SEC to formally invite and specifically reward cooperation for the first time

All United States Attorney's Offices have routinized the practice of cooperation and standardized their form of cooperation agreement which, following Section 5K1.1 of the Sentencing Guidelines and 18 U.S.C. § 3553(e), specifies to a degree both the benefits of cooperation and the consequences for violation of the agreement.  In contrast, the Enforcement Division of the SEC has traditionally not had in place a formal practice of cooperation, with its promised benefits, much less achieved a standard form of such agreement. The former prosecutor now heading up the SEC's Enforcement Division plans to change that.

Before the AICPA National Conference on December 8, 2009, Director Robert Khuzami discussed the SEC's new “cooperation initiative.”  Khuzami explained that the agency will now seek to encourage cooperation in SEC investigations through a variety of methods, including cooperation agreements, which for the first time will provide for the prospect of reduced sanctions based on the timeliness of the decision of a subject to cooperate and the value of the information he or she provides.

Current criminal practices followed around the nation typically reward not only the first witness in the door with a cooperation agreement, but often confer the same benefit on a number of others subsequently passing through the same portal. As a result of the proliferation of cooperation arrangements in any given investigation or prosecution, the Sentencing Commission reports, between September 2008 and October 2009 nearly 26% of all sentences were imposed below the Guidelines range as a result of government-sponsored departures.  In contrast, Khuzami's statements indicate that his agency will offer the benefits of cooperation far more parsimoniously. News reports from the AICPA conference quoted him as warning defense attorneys that "only one client can be first" in coming to the SEC with information.

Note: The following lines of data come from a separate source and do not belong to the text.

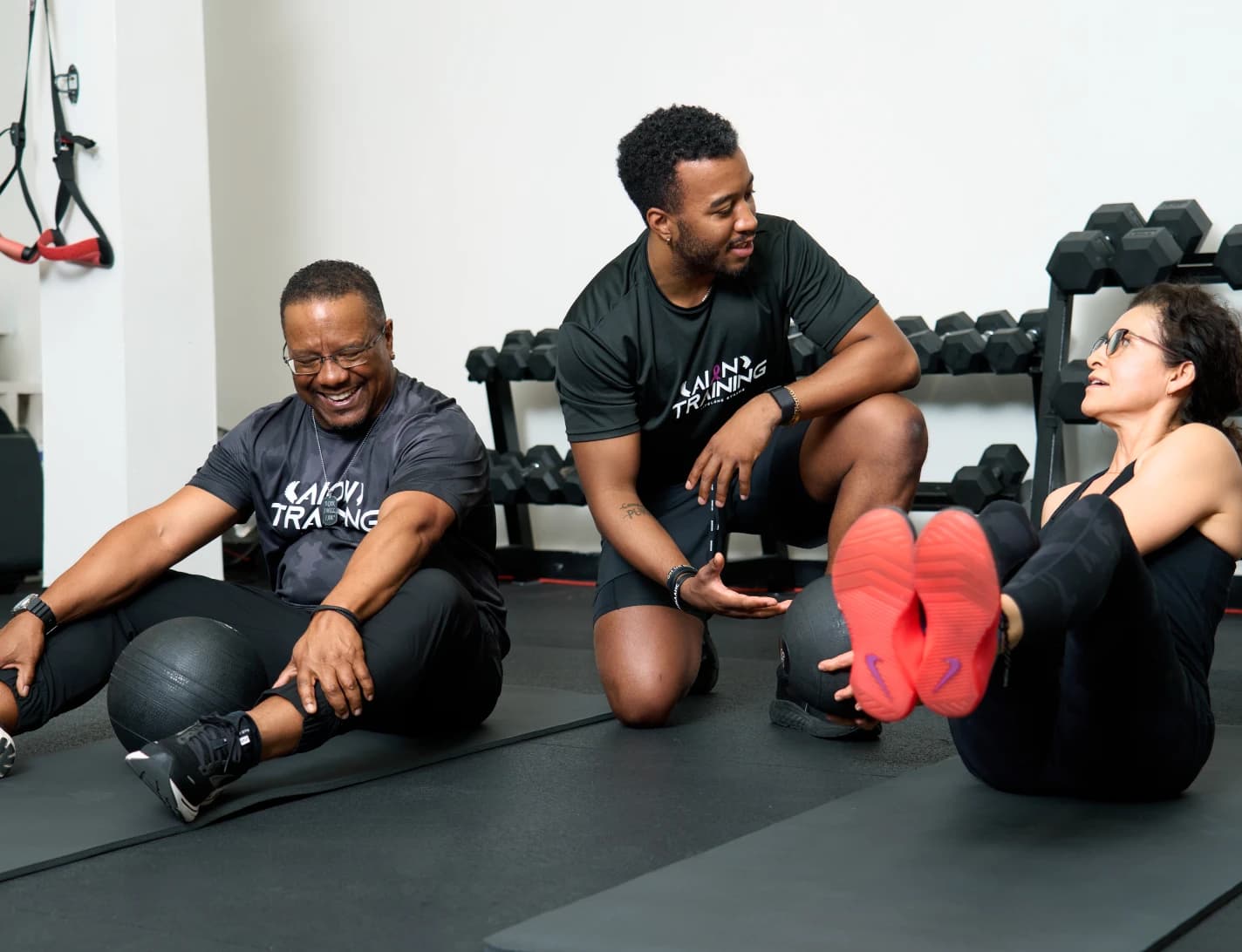 A coach sits on the floor with two members as they work through a seated core exercise.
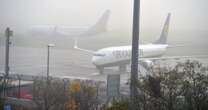 Travel chaos at Manchester Airport as dense fog causes major delays to flights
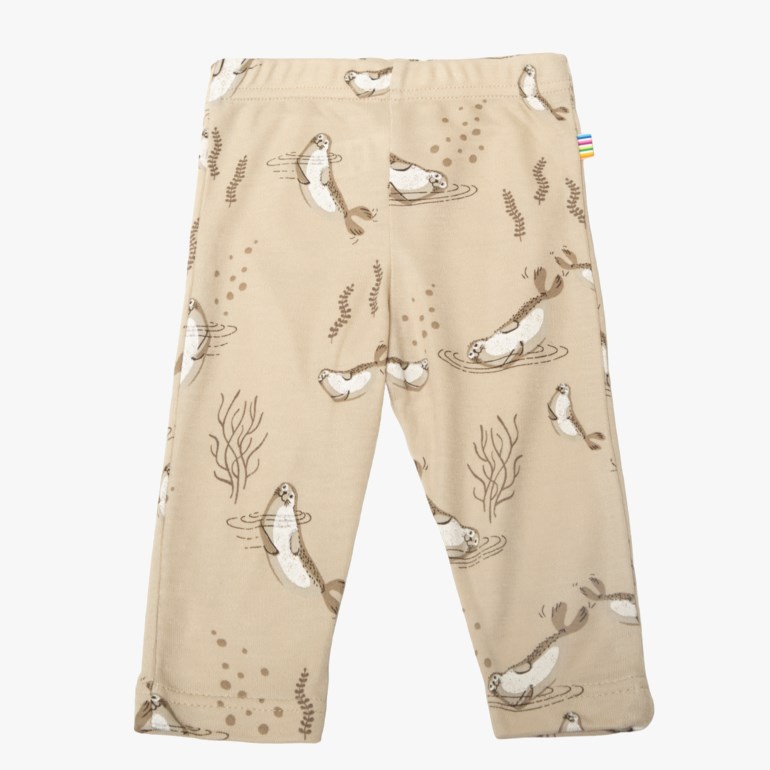 Barneleggings i beige med et heldekkende trykk av seler og planter, forfra.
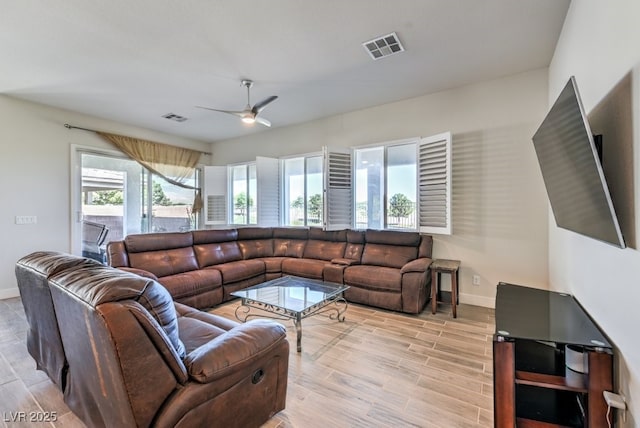 living room featuring ceiling fan and light wood-type flooring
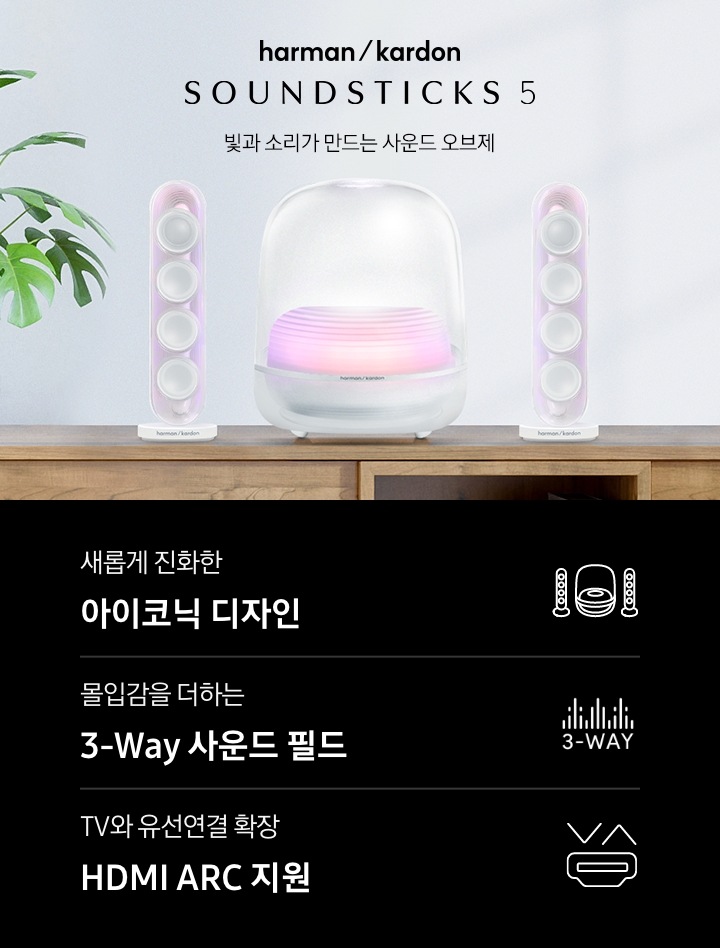 장식장 위에 흰색 스피커가 놓여 있습니다. 스피커 왼쪽에는 화분이 놓여 있으며, 오른쪽에는 하만카돈 로고와 스피커의 모델명 ‘SOUND STICKS 5’와 ‘빛과 소리가 만드는 사운드 오브제‘ 문구가 기재되어 있습니다. 이미지 하단에는 ‘새롭게 진화한 아이코닉 디자인‘, ‘몰입감을 더하는 3-Way 사운드 필드‘, ‘TV와 유선연결 확장 HDMI ARC 지원’ 문구와 아이콘이 있습니다.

Perhaps Khuzami intended only to create a rush to the SEC's door, much as federal prosecutors often attempt artificially to precipitate haste by claiming to limit the availability of cooperation deals. And perhaps the SEC will in practice relax the first-in-time requirement, much as prosecutors have relented in the interests of pragmatism. But if the Enforcement Director is taken at his word, then practitioners have cause to consider the need for speed in their clients' decision-making in civil securities fraud investigations.